Games set up situations in which there is something to solve. And we solve that ‘something’ by using our wits, our imagination. Playing trains us for intellectual challenges.
Meaning, if we don’t play, we don’t learn.
We’ve found an article published by nprEd that describes what Jaak Panksepp discovered about our motives behind playing. Even if the article doesn’t arrive at any clear conclusions, it manages to refute some clichés —for instance, that we play in order to learn how to hunt.

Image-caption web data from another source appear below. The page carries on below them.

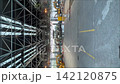 Heavy machinery used to process waste at a waste treatment facility and the interior of the factory. 142120875
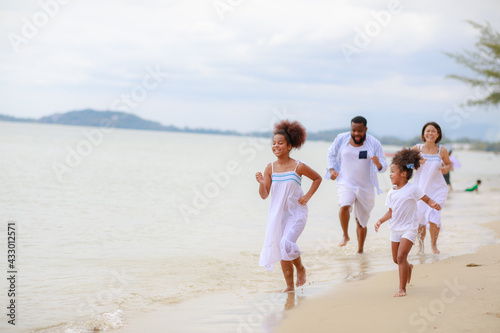 Happy African family walking relax on the beach with 2 daughters.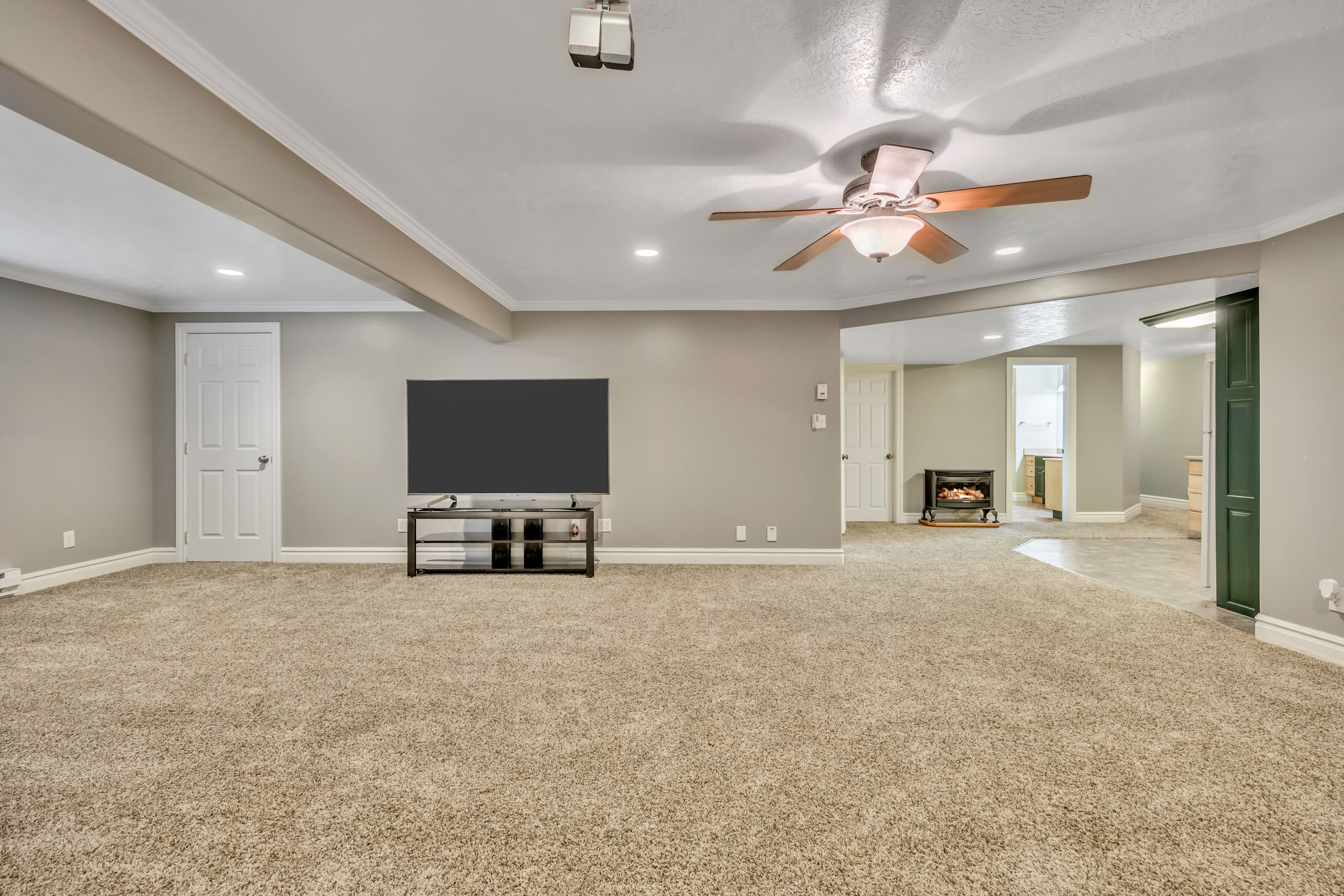 Unfurnished living room with a ceiling fan, crown molding, light colored carpet, and recessed lighting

Why do mammals keep on playing? Panksepp observed that “When the rats are young, play appears to initiate lasting changes in areas of the brain used for thinking and processing social interactions.” According to the article, those changes involve switching certain genes on and off; play activates the whole neocortex and about one-third of the 1,200 genes that Panksepp measured “were significantly changed simply by having a half-hour of play.”
Panksepp’s theory states that play promotes substantial changes in the brain’s develoment; it doesn’t help to develop physical abilities but to build social brains that know how to interact with others in positive ways. “Play is what prepares a young brain for life, love and even schoolwork,” says Sergio Pellis, a researcher at the University of Lethbridge in Alberta, Canada. “Whether it’s rough-and-tumble play or two kids deciding to build a sand castle together,” he adds, “the kids themselves have to negotiate, well, what are we going to do in this game? What are the rules we are going to follow?” In this way, “the brain builds new circuits in the prefrontal cortex to help it navigate these complex social interactions.”
In short, play teaches us to live. Wonderful, isn’t it?
Reference: Scientists Say Child’s Play Helps Build A Better Brain, by Jon Hamilton. Published by nprEd on August 6, 2014.